シリンやハクも揃っており、アランやセリンにとっては家族のだんらんだ。
また、食事の習慣がなかったディーやアオも味覚への刺激は楽しいらしく、毎食律儀に食堂へ来ては珍しそうに一口一口味わっていく。
既に見慣れた光景だ。
もちろんここにイサナや麗奈、宵闇も加わり、王都の屋敷では考えられなかった大人数での食事になる。
最近では、ほぼ必ずアルフレッドも姿を見せるため、その人数分の調理を一手に担うベスはとても楽し気だ。
東部アレイア特有の食材も段々と扱いが分かってきたらしく、メニューのバリエーションも着実に増えている。
そんないつものお昼時。
食事も終わりかけた食卓で、図らずも2人分の声が重なった。
「ごちそうさまでした」
「ごちそうさまです」
宵闇と麗奈だ。
宵闇は食器を置いて軽く頭を下げ、麗奈は律儀に両手を合わせてぽつりと言う。その一切躊躇のない慣れた仕草。

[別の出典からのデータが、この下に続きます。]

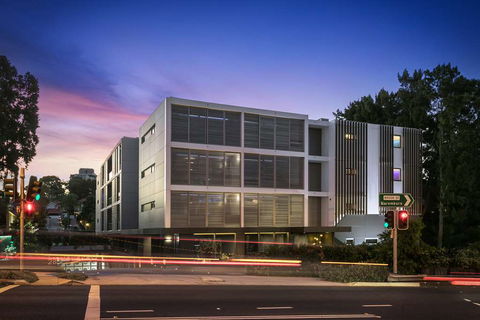 Good Life Suites - Accommodation Rockhampton 2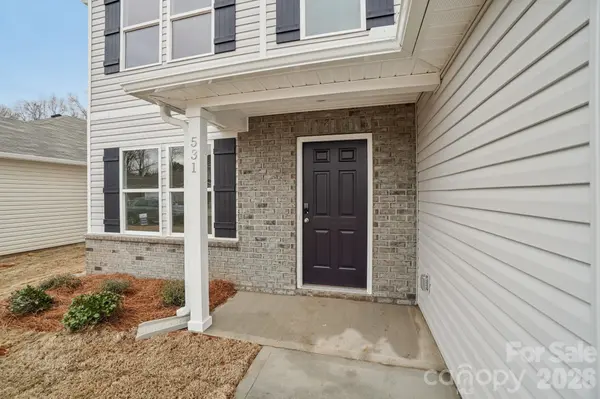 531 Tomlin TRL, Spartanburg, SC 29301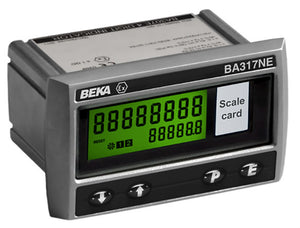BEKA BA317NE Tachometer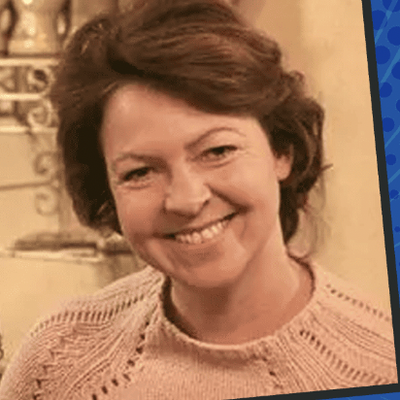 Tessa Peake-Jones Autograph Profile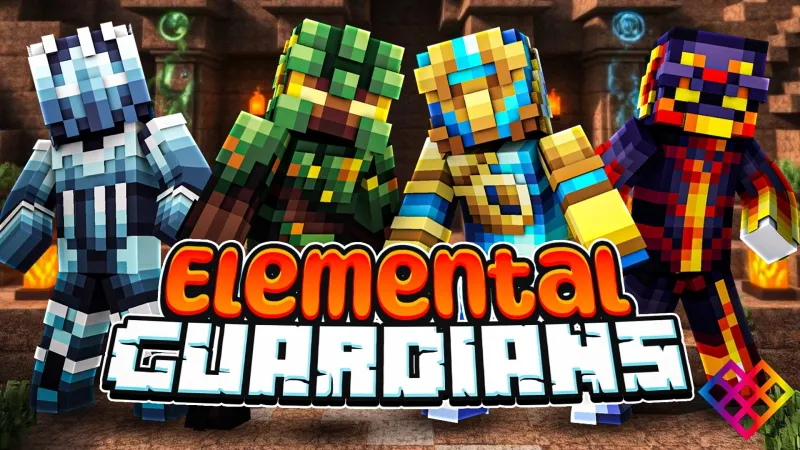 Elemental Guardians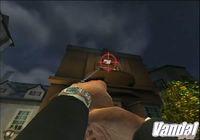 Imagen 17 de James Bond 007: Agente en Fuego Cruzado para PlayStation 2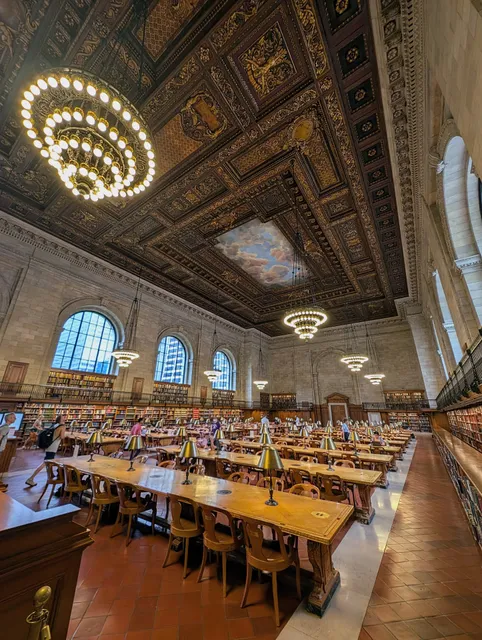 Throg's Neck Library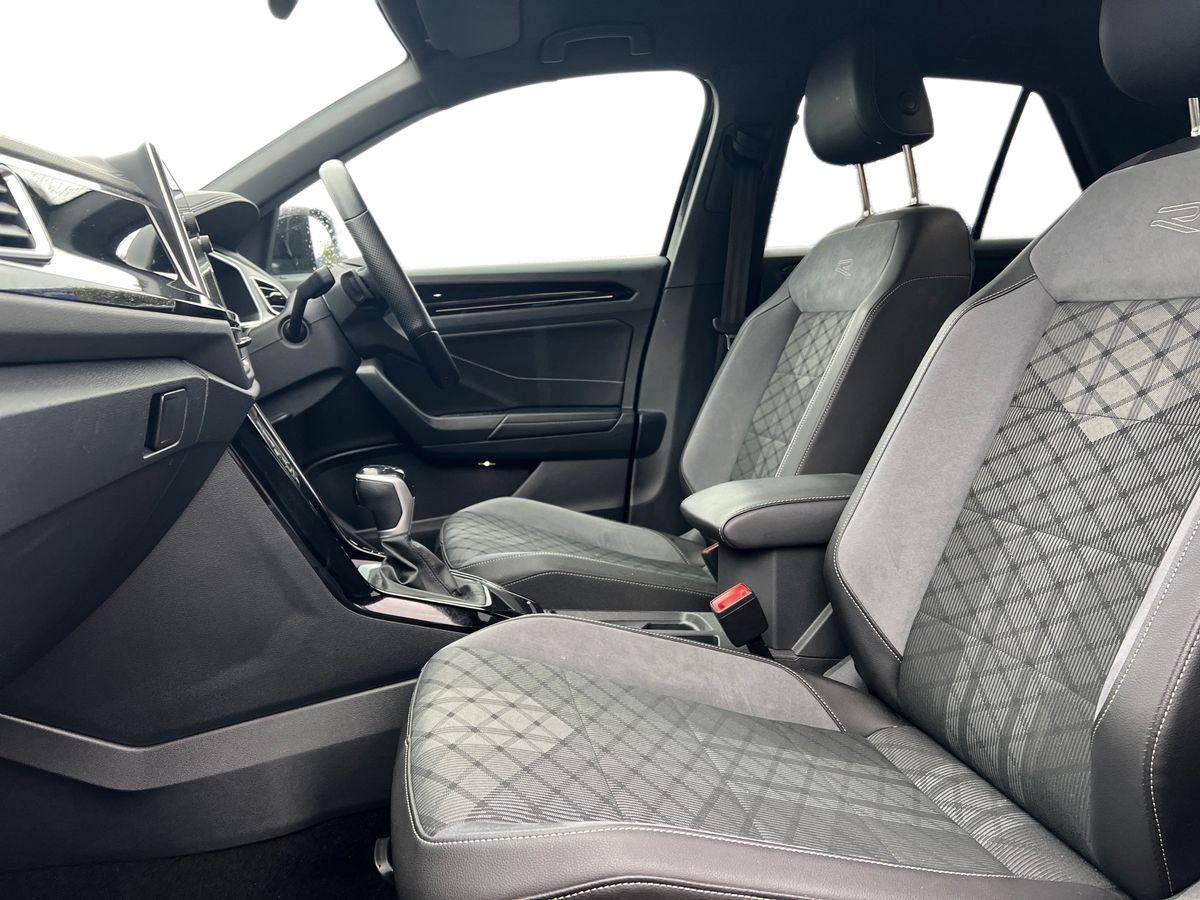 Used Volkswagen T-Roc 2023 for sale - 76568134: Photo 16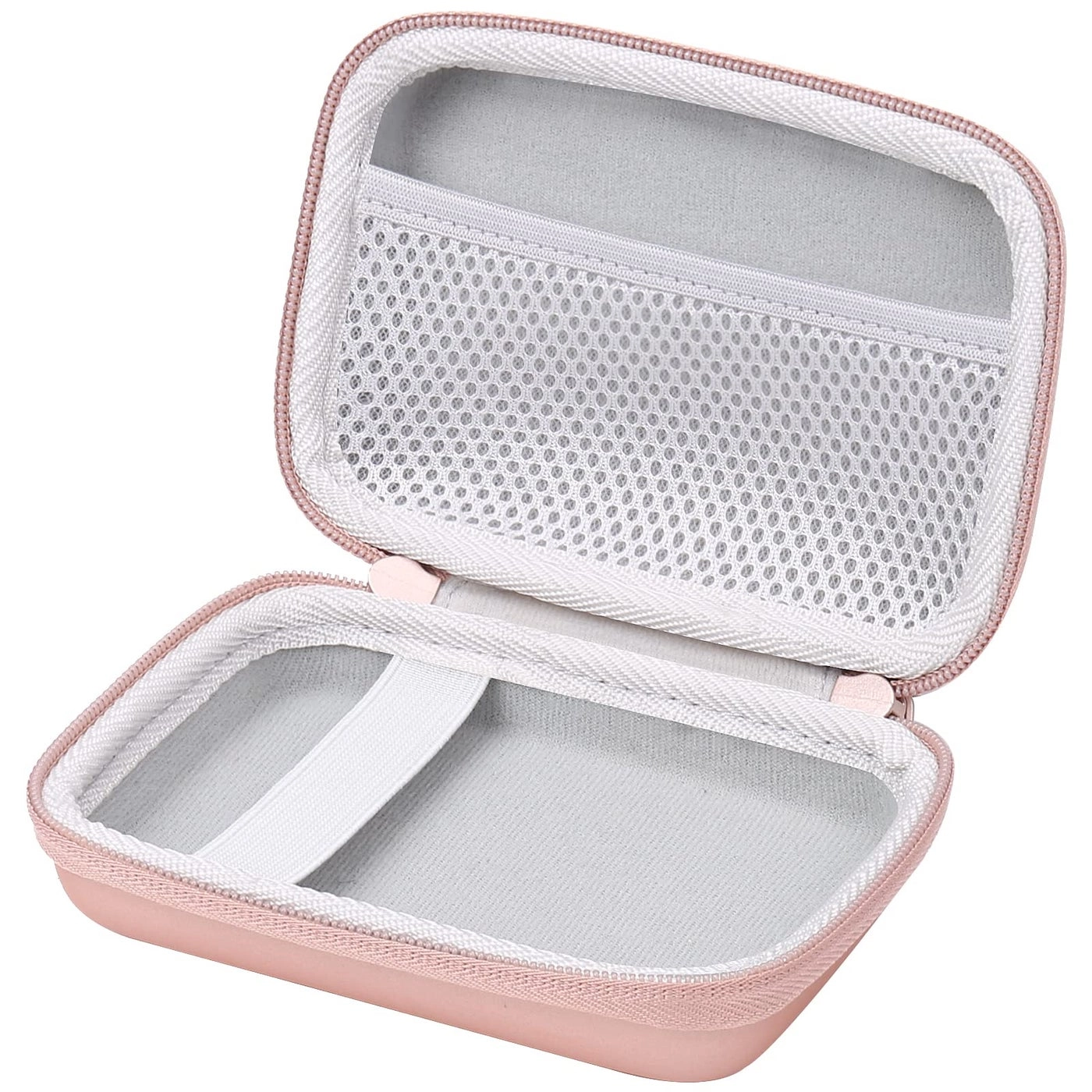 Hard Case Replacement - Rose Gold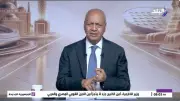 بكري: القيادة السياسية أنقذت مصر من الفوضى وحققت الأمن والاستقرار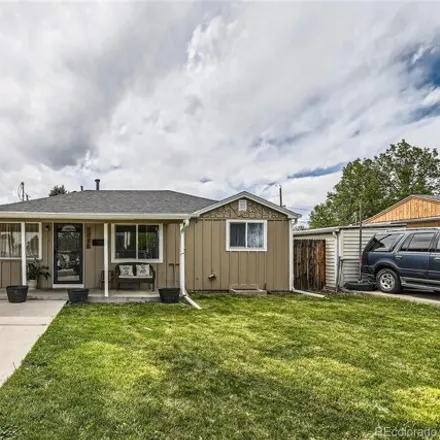 Buy this 3 bed house on 1245 South Tennyson Street in Denver, CO 80219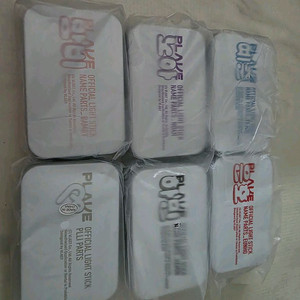 플레이브 응원봉 파츠 일괄양도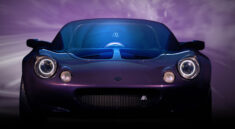 Lotus Elise S1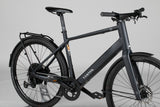 Canyon Commuter:ON 7 - käytetty sähköpyörä 179-191 cm ajajalle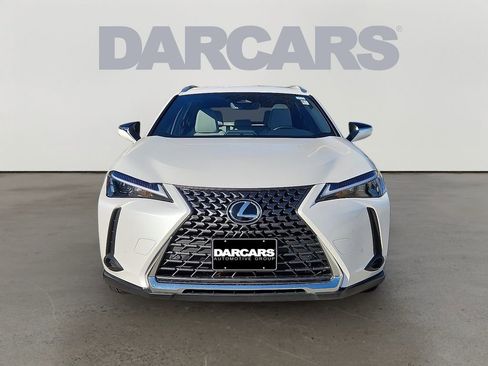 Used 2025 Lexus UX 300h AWD w/ Accessory Package (Z1) image 2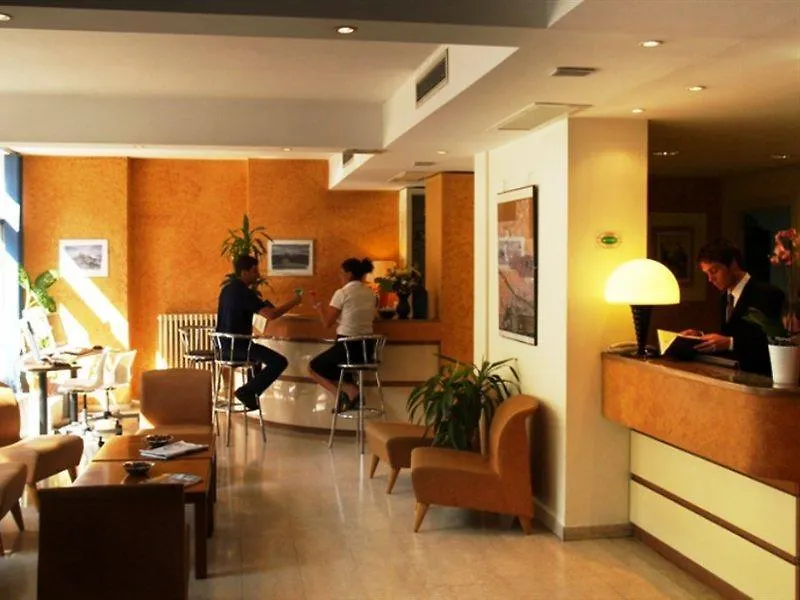Hotel Meridiana Florence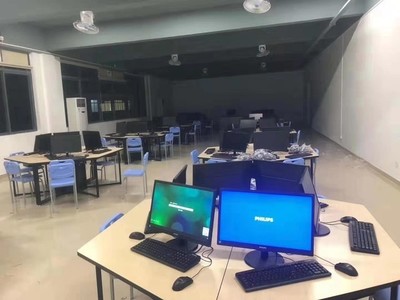 飛利浦顯示器 以卓越顯示技術，賦能教育信息化新時代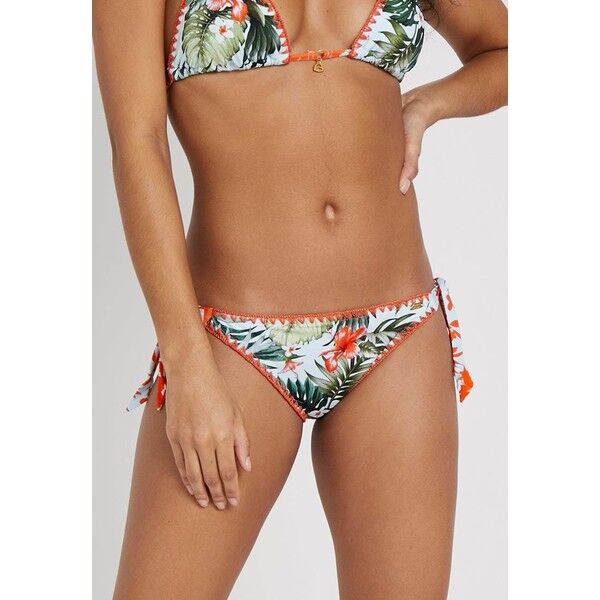 Banana Moon DIMKA IQUITOS CULOTTE Dół od bikini ciel B3581I00T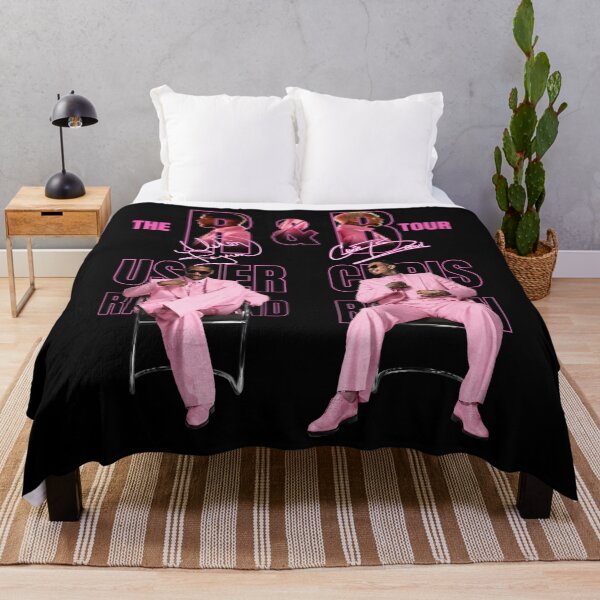 Item preview, R&B Raymond Brown Music Tour designed and sold by PoppiNoori.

そんな彼らを興味深そうに眺めていた者――ベスが、不意に言った。
「ショウとレナって、同郷よね?」
「なんだ突然。そうだけど」
あらかた大人たちの食事は終わっており、子供たちもあと少し、といったところ。そのため、卓上を片付けようと動き始めていた彼――いや、彼女は、手を止めずに重ねて訊いた。
「食前と食後のそれは……神への祈り、なのかしら?」
その大きな両手に何枚も皿を乗せながら首を傾げるベスに、宵闇は「ああ」と得心の声とともに言った。
「いただきます、ごちそうさまってやつか」
ベスは頷く。
「ええ。ずいぶん簡易な祈りだけど、必ずやっているから2人とも意外に敬虔なのかって気になってたの。でも、それにしてはなんでも食べるし、禁忌も特にないようだし、不思議でね」
「あー、気にしてくれてたのか、ありがとな」
食事を用意する者として、各人の好みや食べられないモノ、そして宗教上のタブーには気を払っていたのだろう。調理人として当然のことをしたまでだったベスは、思いがけず礼を言われ灰色の両目で驚きを示す。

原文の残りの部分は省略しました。